◆ HOW TO COMPLETE THIS TASK
Start to finish, print the entries exactly, and carry none of the pictures over.

(Saved entries)

*****

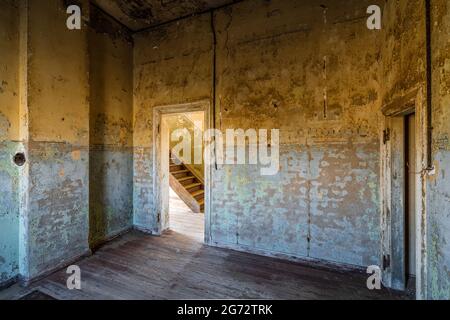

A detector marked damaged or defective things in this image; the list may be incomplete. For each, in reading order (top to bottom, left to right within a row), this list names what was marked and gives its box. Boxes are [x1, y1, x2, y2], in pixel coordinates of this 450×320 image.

peeling plaster wall [0, 0, 20, 284]
peeling plaster wall [20, 0, 91, 278]
peeling plaster wall [88, 4, 134, 248]
peeling plaster wall [133, 0, 384, 266]
peeling plaster wall [428, 0, 450, 300]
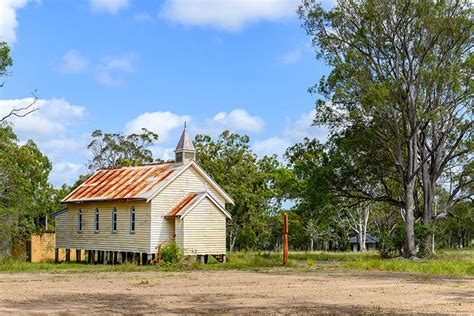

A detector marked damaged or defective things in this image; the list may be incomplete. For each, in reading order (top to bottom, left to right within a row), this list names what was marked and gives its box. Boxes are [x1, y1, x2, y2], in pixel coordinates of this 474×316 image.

rust stain on roof [63, 162, 180, 204]
rusty corrugated iron roof [63, 163, 181, 202]
rust stain on roof [164, 193, 199, 217]
rusty corrugated iron roof [164, 193, 199, 217]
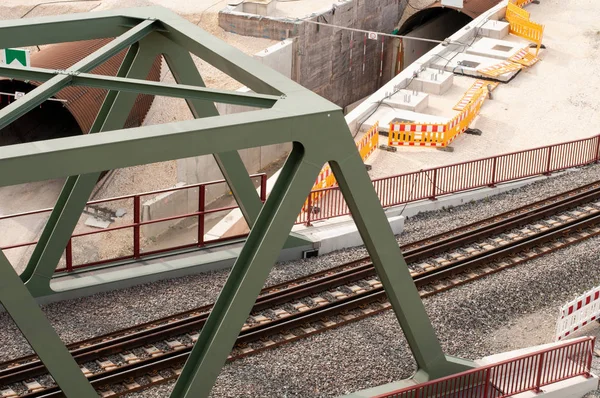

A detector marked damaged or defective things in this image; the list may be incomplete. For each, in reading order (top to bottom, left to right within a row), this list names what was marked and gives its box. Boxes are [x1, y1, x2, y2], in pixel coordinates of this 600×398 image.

rusty corrugated metal sheet [426, 0, 502, 19]
rusty corrugated metal sheet [28, 38, 162, 134]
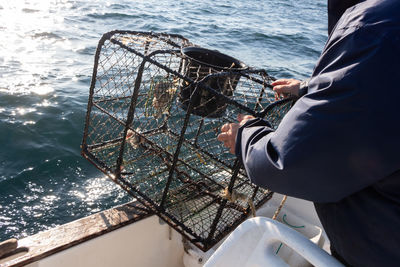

*****

◆ RESULT
A detector marked damaged or defective things in this image; the list may be incomplete. For each, in reading order (top to bottom, left to right within a row), this list names what was marked and gives its box. Boxes are [x1, y1, x2, y2], in pixel coordinates of this 450×320 image.

peeling plaster wall [0, 0, 20, 284]
peeling plaster wall [20, 0, 91, 278]
peeling plaster wall [88, 4, 134, 248]
peeling plaster wall [133, 0, 384, 266]
peeling plaster wall [428, 0, 450, 300]

A detector marked damaged or defective things in this image; the list may be incomplete. For each, in reading order (top to bottom, left to right within a row), this list names what was marked and gives its box. Boxes are [x1, y1, x2, y2], in pixel coordinates of this 474×316 image.

rust stain on roof [63, 162, 180, 204]
rusty corrugated iron roof [63, 163, 181, 202]
rust stain on roof [164, 193, 199, 217]
rusty corrugated iron roof [164, 193, 199, 217]

A detector marked damaged or defective things in this image; the list may be incomplete. For each, in reading order (top to bottom, left to right within a row), this list names what was marked and gives its box. Boxes are [x1, y1, x2, y2], in pixel coordinates of this 600×398 image.

rusty corrugated metal sheet [426, 0, 502, 19]
rusty corrugated metal sheet [28, 38, 162, 134]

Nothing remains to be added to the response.